No es necesario escarbar demasiado para ver las manifestaciones de esa fascinante estructura de instintos e impulsos, deseos y rechazos propios de nuestra naturaleza imperfecta. Estamos constituidos de odios y amores, dependencias y apetitos, girando en torno a un egoísmo difícilmente controlable. ¿Qué nos impide actuar como seres primitivos, sino el miedo a las consecuencias? El amplio panorama de la historia pasada y presente es un gran tratado sobre la violencia y el ansia de poder, pero especialmente sobre los mecanismos de represión -más o menos efectivos- sobre una humanidad abandonada a sus deseos.

Las religiones han cumplido su papel: el miedo al castigo y a la perdición del alma han actuado como un disuasivo poderoso sobre grandes masas, pero el mensaje de amor nunca ha sido suficientemente efectivo como para modificar el impulso atávico de destruir a quienes piensen o actúen diferente, porque esa defección representa una amenaza para la hegemonía de un grupo social sobre otro. De ahí las guerras santas con su orgía de sangre y su mensaje de odio. Es entonces cuando surge la duda de si el primer acto humano está condicionado por ese terrible sentimiento.
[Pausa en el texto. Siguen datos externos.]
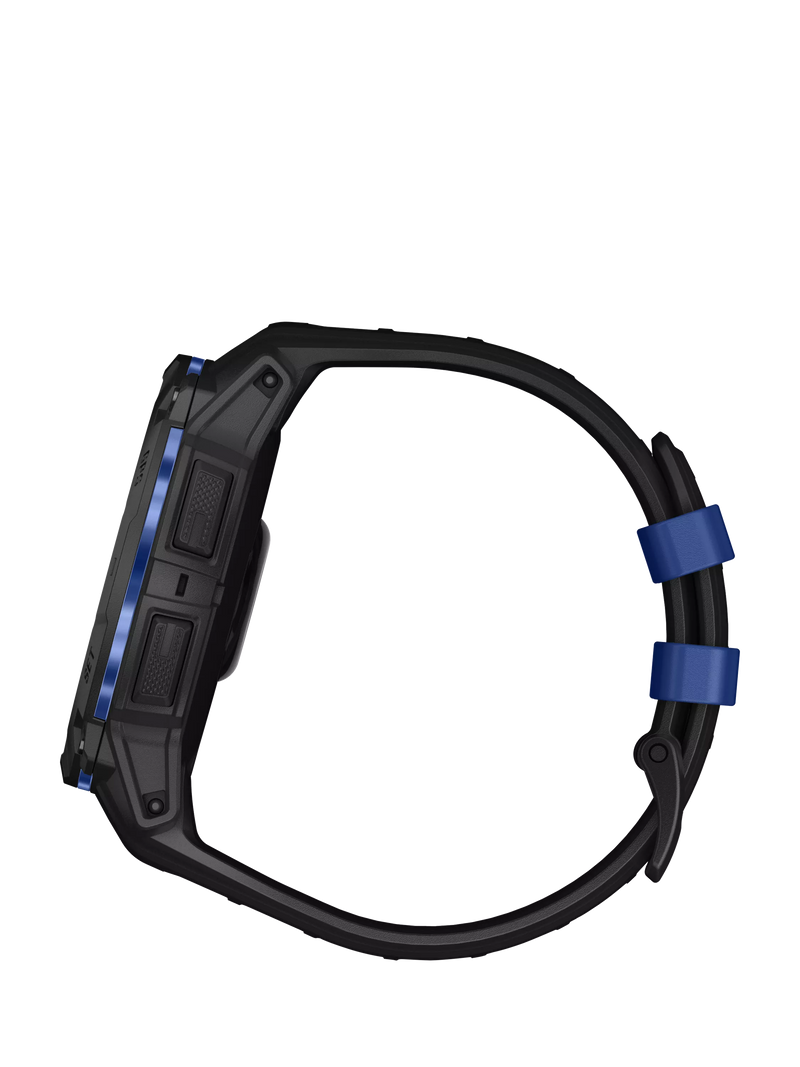 Garmin Instinct 3 rugged GPS smartwatch 45mm - British product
En qué momento de la historia se produjo la marginación de la mujer resulta difícil de determinar, en parte porque el relato del pasado está ya teñido con una visión patriarcal. Pero el hecho es que esa marginación se fue perpetuando y fortaleciendo al punto de convertirse en un valor social indiscutible, incluso para la población víctima de tales prácticas. Contra la mujer resulta fácil ejercer violencia. Es físicamente más débil y psicológicamente ya viene programada desde la niñez para someterse a la voluntad masculina. Los impulsos de liberación son ridiculizados por la colectividad con el propósito de detener ese afán independentista, lo cual impacta profundamente en la psiquis y en la autoestima de ese importante segmento de la población.
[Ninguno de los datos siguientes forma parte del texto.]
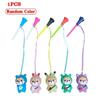 8.3cm Golf Rubber Tees Cartoon Golf Novelty Shape Tees Golf Accessories Golf Tee  for Golf Ball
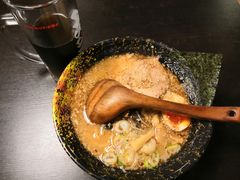-日本料理神拉面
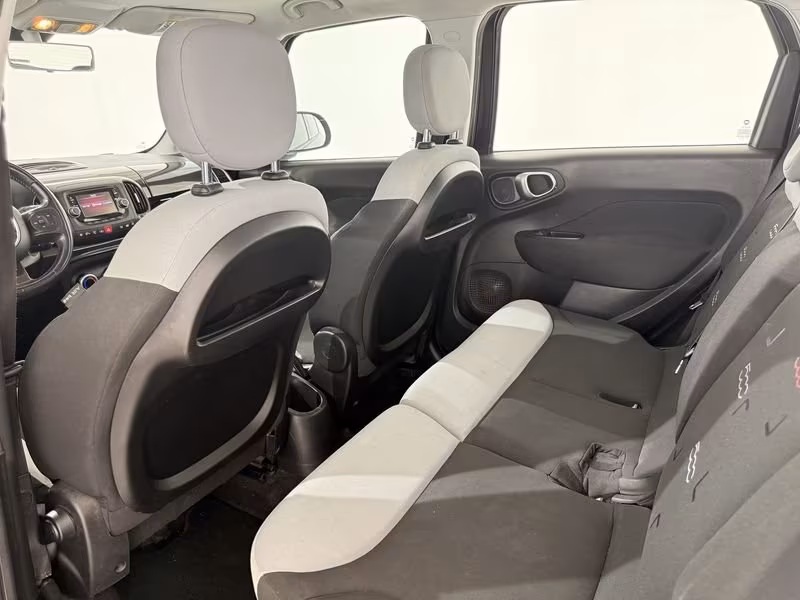 FIAT 500L 1.3 MultiJet Pop Star 85cv S/S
Únicamente por eso y por esa inclinación natural a destruir al otro que en apariencia caracteriza a nuestra especie, es posible entender la pasividad ciudadana ante el asesinato de niñas y mujeres, las violaciones sexuales, la práctica “hogareña” del incesto, la falta de atención a sus necesidades básicas de protección, educación y salud. Allí es en donde mejor se identifica el odio ancestral que plasma su impronta en nuestros actos cotidianos. En ese desprecio por la vida misma es en donde podemos vernos en un espejo de alta definición, sometidos a la fuerza de prejuicios y atavismos heredados.

Cuando miramos alrededor y vemos tanta destrucción y tanto silencio de los justos se agolpan las preguntas sobre cuándo se produjo la pérdida de los principios y valores de la sociedad, pero también si esos principios alguna vez existieron o simplemente fueron desafíos que pusieron ese hecho en evidencia. Hoy, entre tanta agresividad, crimen impune e indiferencia, es imperativo retomar el tema y cuestionarse con seriedad y compromiso cuál es el papel de la comunidad en este escenario de dolor y muerte. Estamos rodeados de maldad y hemos sido incapaces de reaccionar para detenerla. Si la comunidad es tan devota y amante de la paz como aparenta en las redes sociales y en sus círculos personales ¿Cómo es posible permanecer impávida ante el horror que la rodea? ¿O es que su discurso de amor al prójimo sólo funciona como un maquillaje para disimular su insensibilidad y falta de empatía? Sólo por medio de un despertar de la conciencia será posible revertir esa tendencia autodestructiva y reparar profundas carencias.

Rompetexto: la indiferencia ante el sufrimiento ajeno parece ser la marca de identidad de nuestra especie.